Dressed for success: Truffle pasta is a dish to savour. Photo: Emiko Davies
The Canberra Truffle Festival continues until the end of August. Terra Preta farm conducts truffle tours on Sundays or their truffles can be found at the Capital Region Farmers Market at EPIC on Saturday mornings until the end of the season. Sully's Old Cheese Factory is open by appointment or for cider tastings on Sundays only.
320 grams tagliatelle, fettuccine or linguine pasta (fresh rather than dry if possible)
1 tablespoon salt
50 grams cold butter
20 grams truffle, shaved or grated
handful of finely grated Parmesan cheese
Put a large saucepan of about three litres of water on to boil. When boiling, add pasta and salt to water and cook until al dente (if using fresh egg pasta this usually takes only a few minutes, for dry pasta follow instructions on packet, usually around 8 minutes).

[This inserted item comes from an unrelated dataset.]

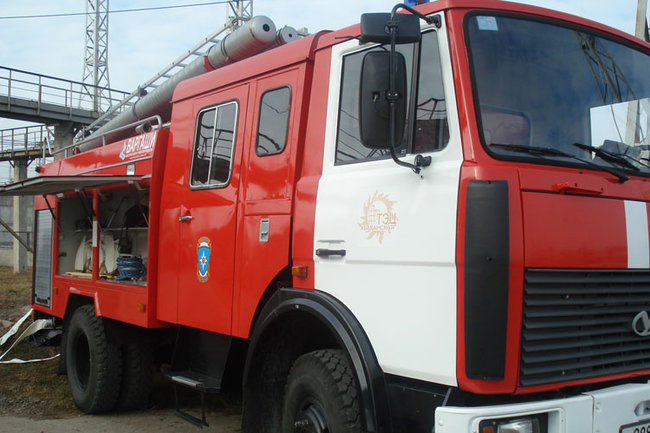 В Тульской области пожарные спасли из горящего дома женщину с ребёнком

Turn the heat off, drain and reserve about 1/4 cup of the cooking water. Place the pasta back into the drained pot and immediately add the butter, the saved water, the truffle and the grated Parmesan. Toss or stir together gently but continuously until the butter has melted and created a creamy emulsion with the water, coating the pasta. Serve immediately, with some more truffle or Parmesan to grate over the top, if you wish.

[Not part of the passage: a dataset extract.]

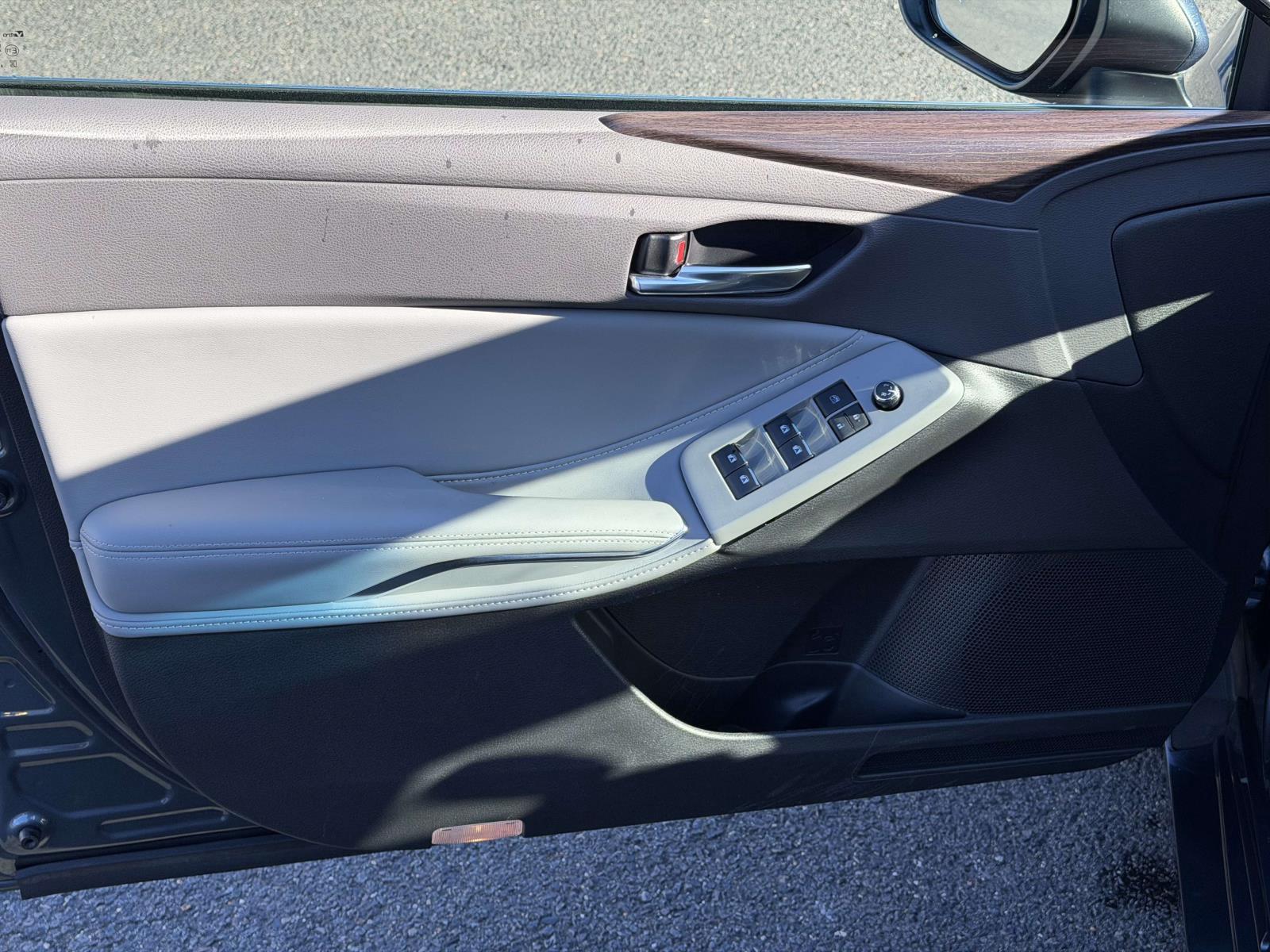 Used 2019 Toyota Avalon Hybrid Sedan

Truffle and dark chocolate semifreddo
This idea behind this recipe was given to me by Rob Kabboord, chef and owner of Merricote Bistro in Melbourne's Northcote. The combination of bitter chocolate and sweet, earthy truffle is a stellar one. Kabboord makes an ice cream with a creme anglaise base and whipped cream folded through it, adding the truffle and dark chocolate only at the end when the ice cream is almost fully churned and frozen. This semifreddo is a simple version that is unbelievably easy to make at home without an ice cream machine.
Serves 6-8 people
2 egg yolks
150 grams of caster sugar
500 ml cream
10 grams of freshly and finely grated or chopped black truffle
20 grams 72 per cent dark chocolate, finely grated or chopped
Place the eggs, yolks and sugar together in a heat-proof bowl. Place the bowl over the top of a small saucepan of simmering water (be sure the water is not touching the bottom of the bowl) and whip the mixture with electric beaters until tripled in size and very pale and fluffy, about 8 minutes. Remove from the heat, add the truffle and allow to cool to room temperature. When cool, whip the cream and fold through the egg mixture carefully until well combined. Pour into a baking tin or similar container and freeze overnight. Serve scoops of semifreddo with the dark chocolate scattered over the top.